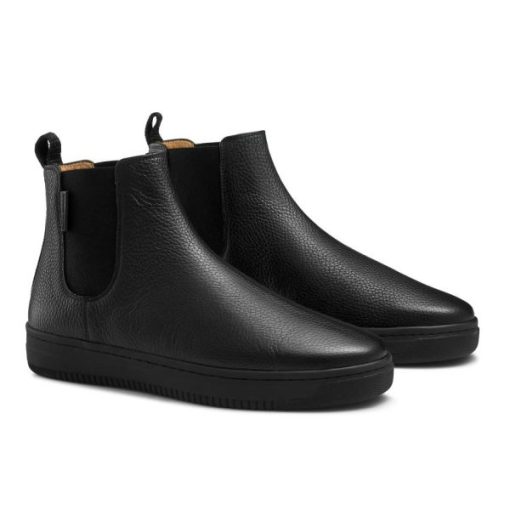 Voguevein.shopfcf733283d 2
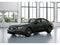 2026 Mercedes-Benz E-Class E 450 4MATIC®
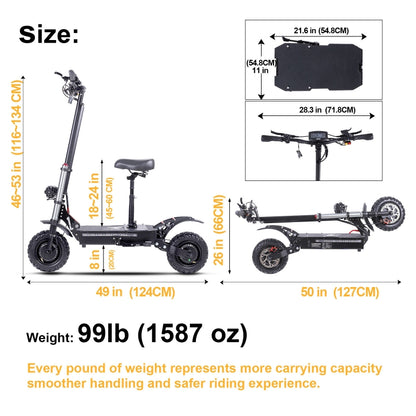 Gosparkride_Freeboy_High-Performance_Off-Road_Electric_Scooter_adults_best_e_soocter-1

• **BRIEF**:
Repeat the whole listing above word for word, but keep any picture out of it.

• **RESULT OF THIS EXERCISE**:
 Voguevein.shopfcf733283d 2
 2026 Mercedes-Benz E-Class E 450 4MATIC®
 Gosparkride_Freeboy_High-Performance_Off-Road_Electric_Scooter_adults_best_e_soocter-1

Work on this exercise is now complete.